According to an infographic created by Impact Brand and Design, marketing automation started in 1992 with a tool called Unica. For more than roughly 25 years marketing automation has been growing and evolving. So it raises the question if marketing automation is right for you and your company. Here are some pros and cons of marketing automation as well as what marketing automation is and is not.

 

What Is A Marketing Automation Tool

In simple terms a marketing automation tool allows a marketer a way to create a holistic marketing campaign all in one place.

 

Marketing automation refers to the software that exists with the goal of automating marketing actions. Many marketing departments have to automate repetitive tasks such as emails, social media, and other website actions. The technology of marketing automation makes these tasks easier.

~ Hubspot

 

What Is NOT a Marketing Automation Tool

A marketing automation tool is not just an email tool. So many time people think of marketing automation as a tool that can just schedule emails. While this is true it is so much more than that. It is like saying an iPhone is only used to make phone calls. I truly think once people start looking at marketing automation tools as more of an all-in-one marketing tool and not just an email service provider (ESP) we will really see the tool take off and do amazing things.

 

Pros:

Automation - Marketing automation gives a company/marketer the ability to work more efficiently. Most marketing automation tools have the ability to automate a path a lead takes, lead scoring, and create data driven (personalization) pieces of content. Back in 2015 Paychex Sr. Marketing Manager Chris Muller and Paychex Marketing Communications Manager Matt Sitler called a nurture campaign using marketing automation a "choose your own adventure" campaign. This was a perfect way to describe it. What they meant by this was marketing creates all the assets for a nurture campaign and through automation the lead's actions will tell the tool which content to give to them. Reactive content.

 

It's a choose your own adventure marketing campaign.
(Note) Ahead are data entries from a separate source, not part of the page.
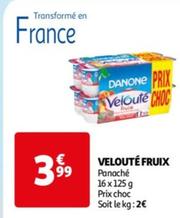 Velouté Fruix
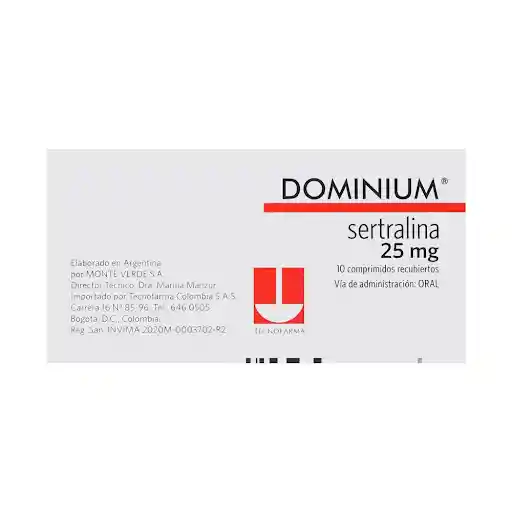 Dominium (25 mg)
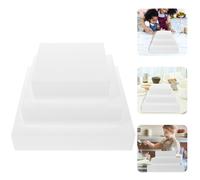 3 Pcs Blocchi Di Schiuma Intagliati Per Lavori Fai Da Te Torta Finta Pratica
~ Chris Muller and Matt Sitler

 

All-In-One - A marketing automation tool (MAT) allows a marketer/company to have everything in one spot. A MAT can handle all aspects of emails, host landing pages, host microsites, host images and documents, be a database, help with SEO, and can host a range of analytics just to name a few features. At one point in time all these things needed to be done in separate tools which may have caused one or multiple people to learn multiple tools. With marketing automation it is all in one spot saving time and money.
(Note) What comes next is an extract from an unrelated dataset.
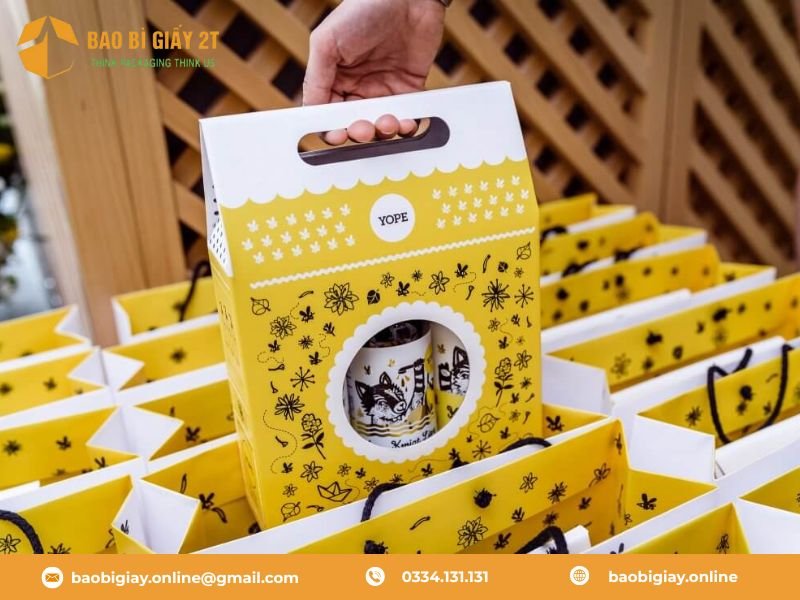 Một số mẫu thùng carton in offset hot nhất thị trường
Analytics - According to an article written by Daniel Newman for Forbes, 8 of the 10 things to watch out for in 2017 that will drive marketing are driven by analytics. MATs are still young and with the power it already has to track it is a great sign for the future. Most MATs have the ability to track a lead from the second they hit your website till the second they buy your product. Being able to track the lead from prospect to client and looking for patterns in that data is very powerful, especially when it is all in one place. MATs can track website visits, email opens, clicks and form fill outs just to name a few. With a little development and creativity MATs also have the ability to track even more, including SEO, SEM and GA data points.

 

Ease Of Use - I have been using MATs and email service providers (ESP) for over 7 years. I have used some tools that are amazing and some that have a lot of room to grow (trying to be nice here). Most of the tools are very easy to use and learn. I have trained college interns, web developers, content creators, and people who are experienced marketing professions who have never used MATs on how to use them and they have all picked it up quickly and used it successfully. Learning how to use the tool is not what makes a MAT great or bad but learning how to use it to best suite the need of your client/business is what makes the tool great. Anyone can learn how to use a MAT but the people using it are what really makes the tool great.

 

Cons

It's Not Magic - A marketing automation tool is just that, a tool. Just like a hammer or ***** driver it is there to help get the job done successfully. If the tool is being used incorrectly then it might not be the right tool for your company/client. Marketing automation tools can not automatically take your campaigns from a dumpster fire to a 5 star resort. Just like with any other tool a MAT helps take what you currently have and use that to try and market to sell your product or service. Don't think just because your company goes out and spends money on a MAT that your marketing will go from zero to hero.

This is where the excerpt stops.